Pages

4.28.2010

Hang on, gotta take this Cell...

Boy has it been a busy morning for you! The office just won’t quit calling, your kid has his birthday this weekend and you have to find a gift, and your spouse is alternating calls with your office trying to make sure you get the right thing for your kid.  It’s pretty hard to believe that just a few short years ago we survived without that blessed invention – the cell phone.

Or perhaps you just happened to be out shopping at the exact moment your mom decided to call for the first time in a few weeks and you just have to catch up with her.  You know you can’t be rude to her, because you’re such a likable person, and thank goodness that we invented cell phones so you can do so while you’re trying on shoes at your favorite department store.

Perhaps even more familiar to you is this scenario: You’re stopping by your local fast food restaurant and you can’t remember what your spouse wanted for dinner, so you call her while at the counter to quickly check, ordering while on the phone.  What a miracle that we’re able to do this now, rather than having to guess or remember what our loved ones like to eat!

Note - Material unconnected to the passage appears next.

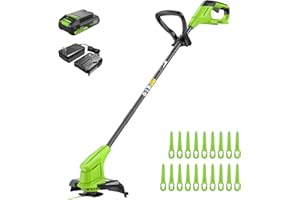 Greenworks 24V Coupe-Bordures sans Fil pour Moyens Jardins, Hauteur réglable, Largeur de Coupe 25 cm, 20 Couteaux Clients Inclus, Batterie 2.0 Ah et Chargeur, Barre de Guidage télescopique réglable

Cell phones are a fantastic invention.  When I’m not at work, I’ll admit – I’m pretty attached to mine.  Whether I’m texting non-stop or using it to keep in touch with my family who live a few states away, my phone and I are rarely apart.  That being said, the moment I set foot inside the door of a business my phone gets slid into a pocket and I don’t look at it until I walk back out again.  If I’m shopping I keep it on vibrate and only answer it or text with it when I’m far, far away from a sales associate.  Because there is no singular thing I can think of that makes me hate you more than you talking on your cell phone when you’re in my store.

When I started working retail cell phones were still a commodity.  Occasionally I’d run into a customer who would be on their phone trying to track down their spouse in the mall because they were on their way to the food court for lunch, with my store as their last stop.  Or perhaps a quick call to check on what exactly was the name of the board game they were supposed to buy.  But generally my encounters with cell phone customers were few and far between.  Always there was an embarrassed apology, a quick step to the door or corner to quickly finish their call, and they always finished the call before resuming a discussion with me.  I liked those customers, and I still like them to this day, which is exactly why I strive to be one of those customers – someone who only uses their phone in an absolutely urgent situation if I am in a store.  Someone who doesn’t try to maintain a conversation with an associate (clerk, cashier, employee) while I’m on the phone.  And I never, never try to pay while on the phone.  I have been known to hang up the phone when I reach the cashier at even the biggest of big mega mart stores.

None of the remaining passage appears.